The main provisions of the Consumer Rights Act 2015 (CRA) are now in force.  The CRA aims to consolidate, modernise and simplify consumer protection law in the UK.  In particular, the CRA introduces reforms to the law on unfair terms in consumer contracts.  It also reforms the rights and remedies relating to services provided to consumers.

Although the often stricter Financial Conduct Authority rules will continue to apply, the changes introduced by the CRA will affect financial services.  In particular, firms will need to ensure that their terms and conditions, and their communications with customers, comply with the CRA.

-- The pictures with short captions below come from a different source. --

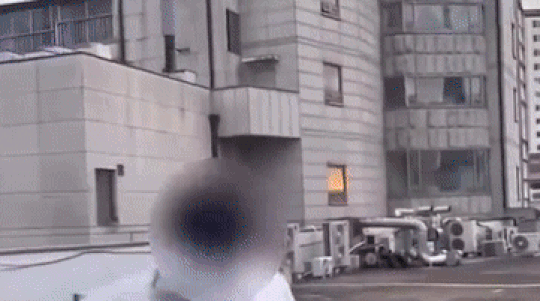 본문 이미지 - 용인 학교 폭력 피해 영상이 공분을 사고 있다. (사건이 발생한 정확한 시점은 알려지지 않고 있다.)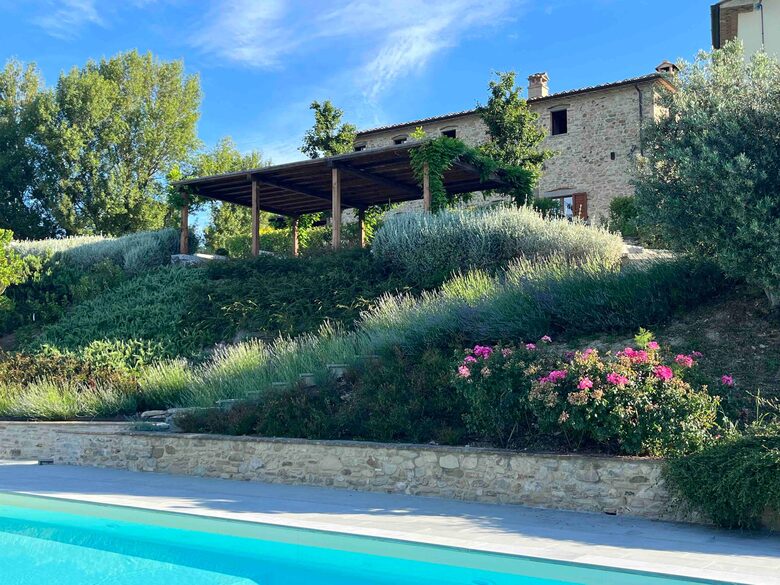 Secluded Stone Farmhouse with Pool & Sweeping Umbrian Views - Montone, Italy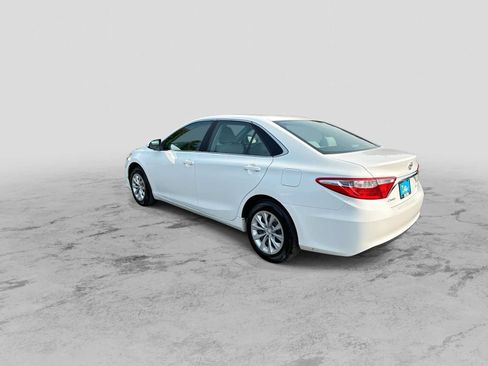 Used 2015 Toyota Camry LE FWD image 7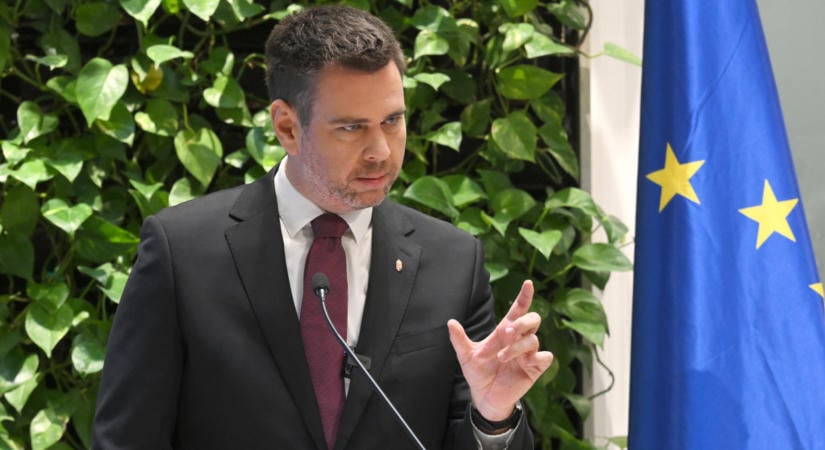 Vitézy Dávid: fenntarthatatlan a rendszer, komoly változások jönnek Magyarországon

The CRA applies to contracts and communications between a “trader” (which includes businesses providing services) and a “consumer”.  Among the main changes of relevance to financial services are:

Consumer contracts for services

  • Service contracts must be performed with reasonable skill and care.
  • If not otherwise agreed, the price the consumer pays for services must be reasonable and the services must be performed within a reasonable time.
  • Anything said or written to a consumer, and which is taken into account by the consumer when deciding to enter into the contract or when making a decision about the service after conclusion of the contract, is treated as a term of the contract.  However, a trader will be able to qualify such statements, preventing the consumer from claiming that the statement was taken into account.
  • In addition to existing remedies (such as an action for damages), the consumer is entitled to require repeat performance of a service where it does not conform to a contract, either because it is not performed with reasonable skill and care or because it is does conform to the information about it which was given to the consumer.  Where repeat performance is not possible, or the service is not performed within a reasonable time, the consumer is entitled to a reduction in price.

Unfair terms

  • The general rules about fairness of contractual terms remain unchanged.  A term is unfair if, contrary to the requirements of good faith, it causes a significant imbalance in the parties’ rights and obligations to the detriment of the consumer.
  • Terms may not be assessed for fairness to the extent that they specify the main subject matter of the contract or to the extent that the assessment is of the appropriateness of the price.  But contract terms on subject matter and price are only exempt from the fairness test if they are transparent and prominent. Transparent means in plain and intelligible language and, if written, legible.  Prominent means brought to the consumer’s attention in such a way that the average consumer would be aware of the term.
  • All written terms of a contract must be transparent.
  • The ‘Grey List’ of terms which may be unfair now includes:
  1. terms which provide for disproportionately high charges where the consumer decides not to conclude or perform the contract, or for services which have not been supplied;
  2. terms which allow the trader to determine the characteristics of the subject matter after the consumer is bound; and
  3. terms which allow the trader to determine the price after the consumer is bound.
  • Contracts which are secondary to a main contract (e.g. agreements made after, before or in addition to the main contract) are covered by the rules.
  • The ‘fairness’ test has been extended to consumer notices (e.g. promotions and renewal notices) which either relate to the rights and obligations between a trader and a consumer, or which purport to exclude or restrict a trader’s liability to a consumer.  Consumer notices must be transparent.  Terms in consumer notices which are unfair are not binding on the consumer.
  • In proceedings before it which relate to a consumer contract, a court is under a duty to consider the fairness of the contract even if the issue of fairness is not raised by either party.

Impact on financial services

The simplification and clarification of UK consumer law by the CRA should be welcomed by consumers and businesses alike.  It is hoped that disputes will become rarer, or at least easier to resolve.

However, the CRA is likely to have important consequences for financial services firms.  In particular, firms will need to be vigilant that they are not unintentionally bound by written and oral statements made by or on their behalf to consumers.  Both their employees and agents will need to be alerted to the risks and trained accordingly.  Websites, advertising and marketing materials will need to be carefully worded. 

Firms’ processes and procedures, for example telephone scripts and complaint handling, will need to be reviewed.

If they have not done so already, it will be important that firms review and, if appropriate, amend their current terms and conditions to ensure that they comply with the new law.  Consideration must be given to the transparency and prominence of contract terms.  The terms of consumer notices will require similar scrutiny.